DATASET EXCERPT:
= Beginning of Section =
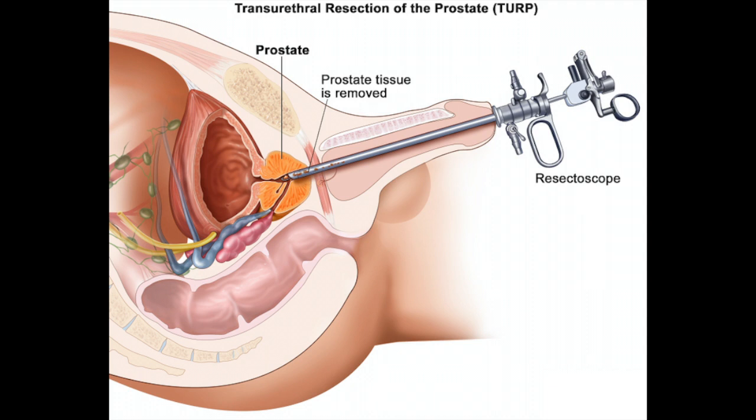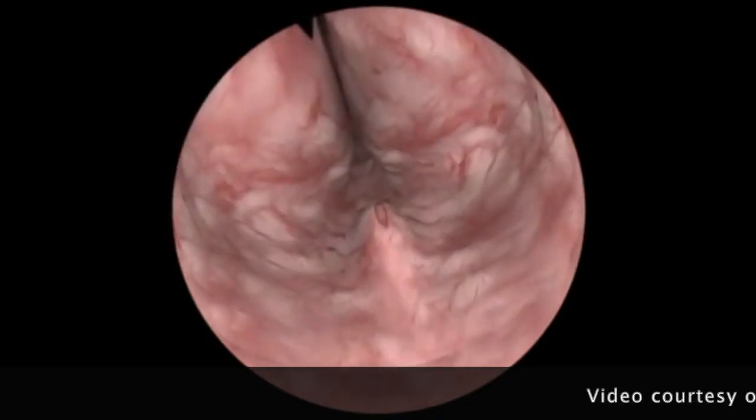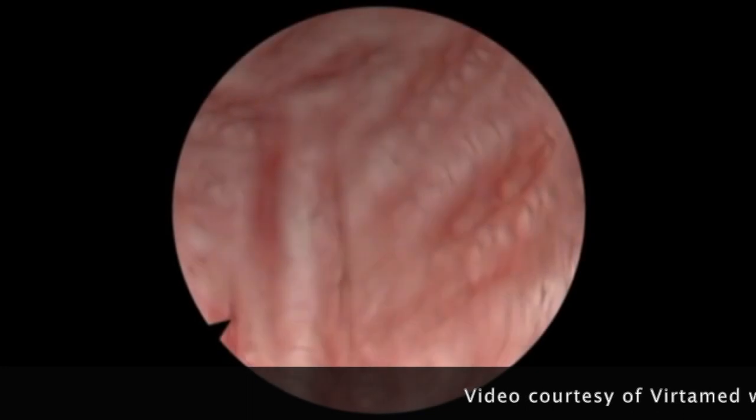An instrument called a resectoscope is passed along the urethra to the prostate. This has a U-shaped loop through which an electric current passes. Here we can see the view as the resectoscope is passed.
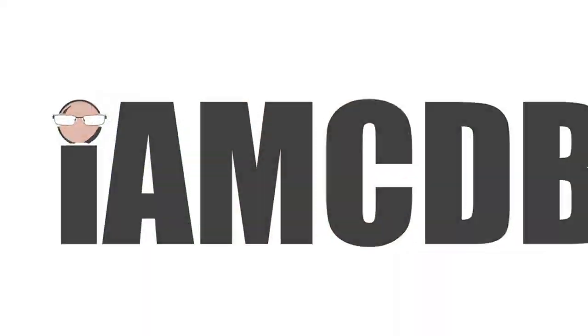In this video we're going to do an unboxing of several different things and we're going to enjoy a not so good beer. Stay tuned. Hey there folks and welcome back for another video. I'm your host CDB and if it's your first time here, thanks so much for joining. I really appreciate it. I hope you'll consider subscribing below.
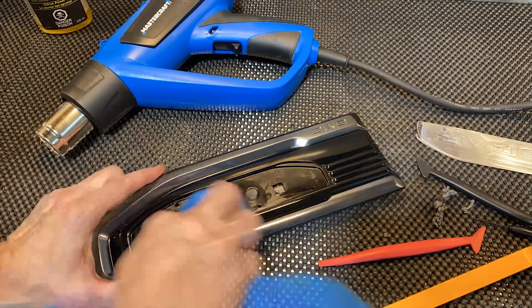I used some Goof Off just to get the major adhesive off, and then I used some isopropyl alcohol to make sure it was all clean so we can get the best adhesion. Now the badges that I'm going to install are these ones right here. They are custom made and available from ofx2gv.com. I've also seen some on eBay. This isn't sponsored in any way, but I happened to like these when I saw them and ordered a set because I thought it fit the theme of the truck.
= End of Section =
WORK ITEM: I would like the data copied exactly as it stands, with no pictures included.

WORKED SOLUTION:
An instrument called a resectoscope is passed along the urethra to the prostate. This has a U-shaped loop through which an electric current passes. Here we can see the view as the resectoscope is passed.
In this video we're going to do an unboxing of several different things and we're going to enjoy a not so good beer. Stay tuned. Hey there folks and welcome back for another video. I'm your host CDB and if it's your first time here, thanks so much for joining. I really appreciate it. I hope you'll consider subscribing below.
I used some Goof Off just to get the major adhesive off, and then I used some isopropyl alcohol to make sure it was all clean so we can get the best adhesion. Now the badges that I'm going to install are these ones right here. They are custom made and available from ofx2gv.com. I've also seen some on eBay. This isn't sponsored in any way, but I happened to like these when I saw them and ordered a set because I thought it fit the theme of the truck.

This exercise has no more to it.